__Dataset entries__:
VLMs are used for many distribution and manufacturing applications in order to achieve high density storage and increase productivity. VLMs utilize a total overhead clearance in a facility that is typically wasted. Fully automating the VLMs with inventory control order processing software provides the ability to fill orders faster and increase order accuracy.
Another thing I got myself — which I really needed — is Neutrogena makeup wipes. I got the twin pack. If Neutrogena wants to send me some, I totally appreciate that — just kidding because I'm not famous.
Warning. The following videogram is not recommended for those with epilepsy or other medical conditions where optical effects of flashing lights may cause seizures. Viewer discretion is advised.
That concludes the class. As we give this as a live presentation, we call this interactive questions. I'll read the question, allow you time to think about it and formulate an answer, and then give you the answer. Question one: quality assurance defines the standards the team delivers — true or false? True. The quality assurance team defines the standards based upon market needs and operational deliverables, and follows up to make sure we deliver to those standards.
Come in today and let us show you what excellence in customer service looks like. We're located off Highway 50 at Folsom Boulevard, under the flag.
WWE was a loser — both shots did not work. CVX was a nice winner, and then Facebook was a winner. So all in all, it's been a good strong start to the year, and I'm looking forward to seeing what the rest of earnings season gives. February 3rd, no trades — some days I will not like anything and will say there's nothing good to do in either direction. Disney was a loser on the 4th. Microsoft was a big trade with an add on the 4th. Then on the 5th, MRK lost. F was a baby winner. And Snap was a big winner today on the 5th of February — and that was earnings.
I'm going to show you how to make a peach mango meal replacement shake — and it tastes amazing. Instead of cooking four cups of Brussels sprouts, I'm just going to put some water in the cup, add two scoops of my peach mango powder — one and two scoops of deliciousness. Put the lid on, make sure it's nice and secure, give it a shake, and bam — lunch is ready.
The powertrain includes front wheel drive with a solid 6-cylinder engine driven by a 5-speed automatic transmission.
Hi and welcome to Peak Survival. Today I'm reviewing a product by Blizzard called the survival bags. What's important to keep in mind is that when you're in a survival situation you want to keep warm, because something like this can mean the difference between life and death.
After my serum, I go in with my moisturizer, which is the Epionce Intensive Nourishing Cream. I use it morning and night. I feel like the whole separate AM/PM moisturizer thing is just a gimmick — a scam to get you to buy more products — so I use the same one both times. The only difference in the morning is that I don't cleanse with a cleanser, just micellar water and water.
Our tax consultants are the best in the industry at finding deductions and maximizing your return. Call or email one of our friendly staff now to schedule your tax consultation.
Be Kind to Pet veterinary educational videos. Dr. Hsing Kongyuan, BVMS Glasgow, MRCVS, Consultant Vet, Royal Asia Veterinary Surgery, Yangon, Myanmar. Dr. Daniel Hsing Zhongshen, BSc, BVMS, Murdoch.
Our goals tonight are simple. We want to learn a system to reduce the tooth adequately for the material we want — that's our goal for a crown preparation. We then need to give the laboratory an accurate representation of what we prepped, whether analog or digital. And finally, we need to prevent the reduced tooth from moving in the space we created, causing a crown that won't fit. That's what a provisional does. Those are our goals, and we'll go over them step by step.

__AIM OF THE EXERCISE__: Without changing a single word, reproduce the entries above.

__YOUR SOLUTION__:
VLMs are used for many distribution and manufacturing applications in order to achieve high density storage and increase productivity. VLMs utilize a total overhead clearance in a facility that is typically wasted. Fully automating the VLMs with inventory control order processing software provides the ability to fill orders faster and increase order accuracy.
Another thing I got myself — which I really needed — is Neutrogena makeup wipes. I got the twin pack. If Neutrogena wants to send me some, I totally appreciate that — just kidding because I'm not famous.
Warning. The following videogram is not recommended for those with epilepsy or other medical conditions where optical effects of flashing lights may cause seizures. Viewer discretion is advised.
That concludes the class. As we give this as a live presentation, we call this interactive questions. I'll read the question, allow you time to think about it and formulate an answer, and then give you the answer. Question one: quality assurance defines the standards the team delivers — true or false? True. The quality assurance team defines the standards based upon market needs and operational deliverables, and follows up to make sure we deliver to those standards.
Come in today and let us show you what excellence in customer service looks like. We're located off Highway 50 at Folsom Boulevard, under the flag.
WWE was a loser — both shots did not work. CVX was a nice winner, and then Facebook was a winner. So all in all, it's been a good strong start to the year, and I'm looking forward to seeing what the rest of earnings season gives. February 3rd, no trades — some days I will not like anything and will say there's nothing good to do in either direction. Disney was a loser on the 4th. Microsoft was a big trade with an add on the 4th. Then on the 5th, MRK lost. F was a baby winner. And Snap was a big winner today on the 5th of February — and that was earnings.
I'm going to show you how to make a peach mango meal replacement shake — and it tastes amazing. Instead of cooking four cups of Brussels sprouts, I'm just going to put some water in the cup, add two scoops of my peach mango powder — one and two scoops of deliciousness. Put the lid on, make sure it's nice and secure, give it a shake, and bam — lunch is ready.
The powertrain includes front wheel drive with a solid 6-cylinder engine driven by a 5-speed automatic transmission.
Hi and welcome to Peak Survival. Today I'm reviewing a product by Blizzard called the survival bags. What's important to keep in mind is that when you're in a survival situation you want to keep warm, because something like this can mean the difference between life and death.
After my serum, I go in with my moisturizer, which is the Epionce Intensive Nourishing Cream. I use it morning and night. I feel like the whole separate AM/PM moisturizer thing is just a gimmick — a scam to get you to buy more products — so I use the same one both times. The only difference in the morning is that I don't cleanse with a cleanser, just micellar water and water.
Our tax consultants are the best in the industry at finding deductions and maximizing your return. Call or email one of our friendly staff now to schedule your tax consultation.
Be Kind to Pet veterinary educational videos. Dr. Hsing Kongyuan, BVMS Glasgow, MRCVS, Consultant Vet, Royal Asia Veterinary Surgery, Yangon, Myanmar. Dr. Daniel Hsing Zhongshen, BSc, BVMS, Murdoch.
Our goals tonight are simple. We want to learn a system to reduce the tooth adequately for the material we want — that's our goal for a crown preparation. We then need to give the laboratory an accurate representation of what we prepped, whether analog or digital. And finally, we need to prevent the reduced tooth from moving in the space we created, causing a crown that won't fit. That's what a provisional does. Those are our goals, and we'll go over them step by step.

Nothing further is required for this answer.